关键词: 地铁, 停车线, 通风排烟, 全尺寸试验, 数值模拟, 火灾

Abstract:

In order to analyze the fire smoke diffusion characteristics and optimal ventilation strategy in parking line areas under the interaction of complex structures and multiple ventilation systems, full-scale experiments and computer modeling were carried out on a parking line area in Guangzhou. Firstly, the smoke diffusion characteristics were acquired with a full-scale experiment. The airflow velocity was also measured during the experiment with various ventilation modes. Then, the smoke control performance of different ventilation modes was analyzed with numerical simulation.

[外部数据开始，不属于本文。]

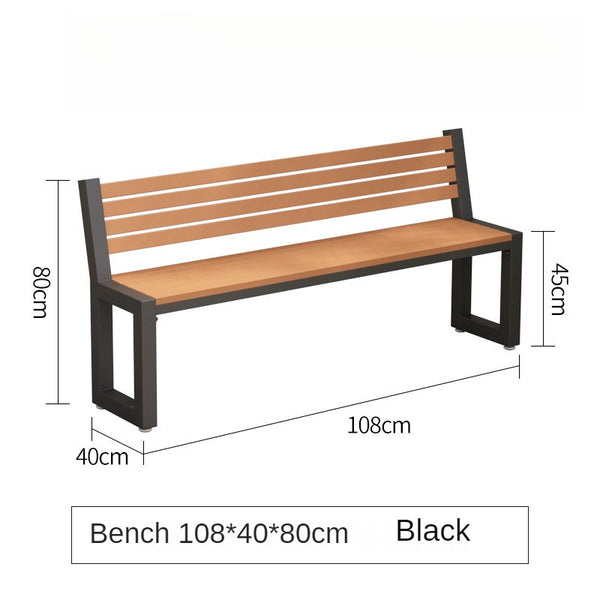 courtyard, tables and chairs,  long table,outdoor furniture 627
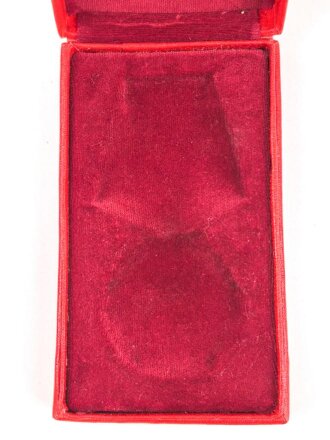 Rumänien,  Etui für eine Auszeichnung " Ordinul Meritul Militar"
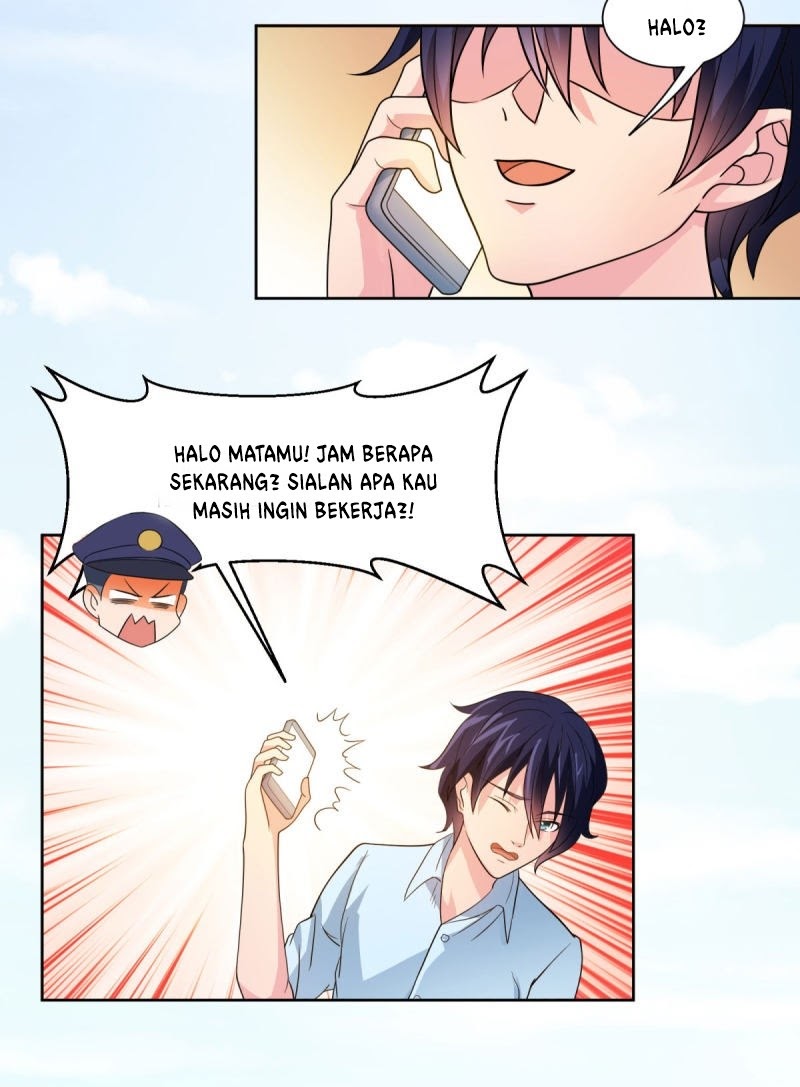 Peak Prophecy Chapter 01 Gambar 14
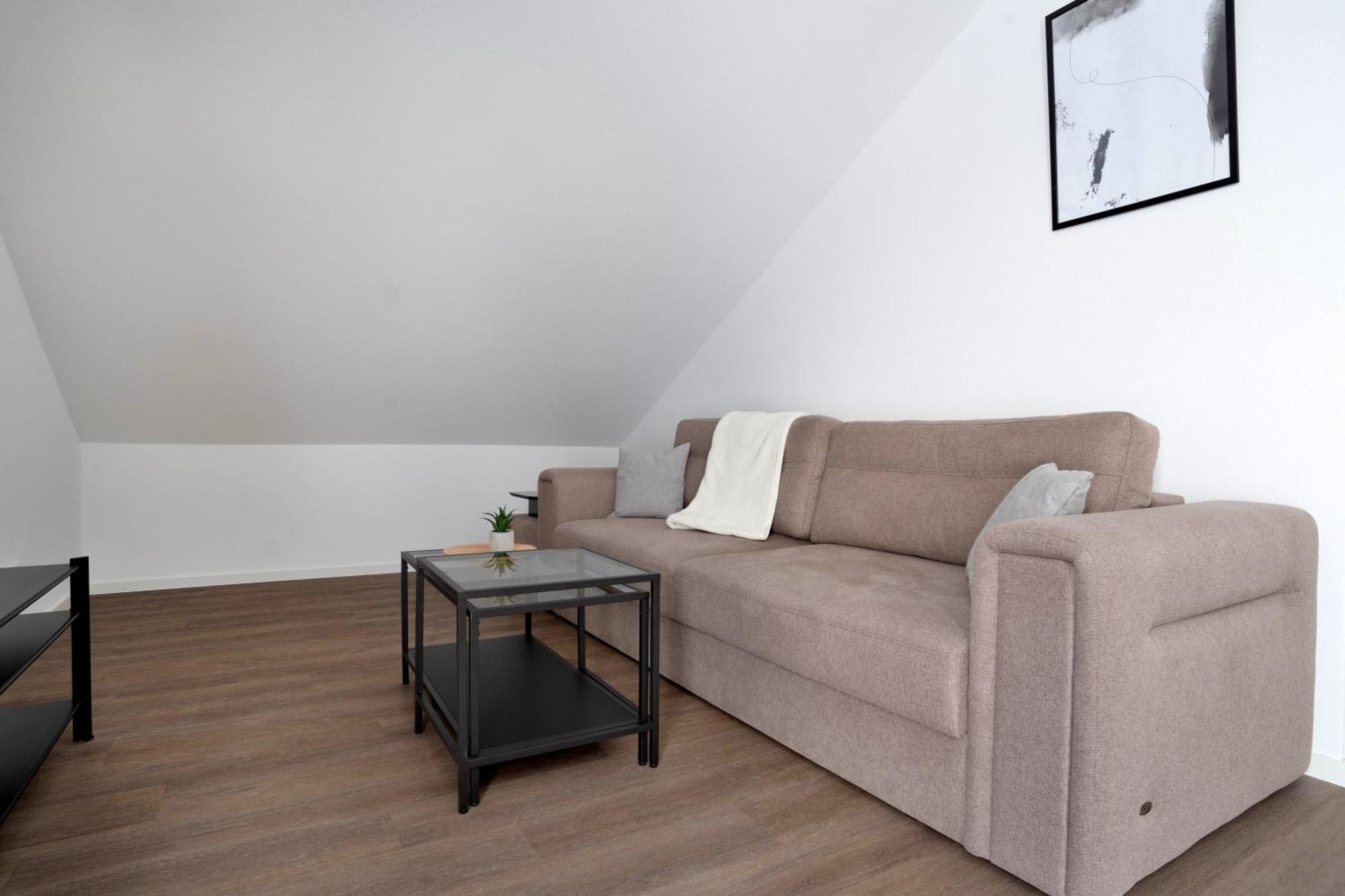 Schoene Apartments In Lengerich I Home2Share エクステリア 写真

The impact of ventilation volume on smoke diffusion was discussed. The main conclusions are as follows: In the natural ventilation scenario, fire smoke would spread to the interval tunnel and siding area within 180 s after a fire. The use of tunnel ventilation fans could slow down the diffusion and settlement of smoke. But the longitudinal velocity is smaller than the critical velocity, which could not stop the smoke from spreading outside. The best smoke control performance is achieved by using a tunnel ventilation fan to exhaust smoke and an interval jet fan to supply air to the parking line. It is recommended to adopt the design of tunnel ventilation fans with 2 units of 60 m³/s air volume and jet fans with 2 units of 30 m³/s air volume to control the smoke diffusion and improve evacuation safety in the parking line, interval tunnel and siding area at the same time. The results can be used to guide the selection of fan parameters and the design of ventilation strategy in other parking line areas, which support improving the safety level of parking lines.

Key words: metro, parking line, mechanical ventilation, full-scale experiment, numerical simulation, fire

仇培云, 陈俊沣, 程辉航, 龙增, 钟茂华. 地铁停车线区域通风排烟模式研究[J]. 中国安全科学学报, 2023, 33(7): 156-163.

QIU Peiyun, CHEN Junfeng, CHENG Huihang, LONG Zeng, ZHONG Maohua. Study on regional ventilation and smoke exhaust mode of subway parking line[J]. China Safety Science Journal, 2023, 33(7): 156-163.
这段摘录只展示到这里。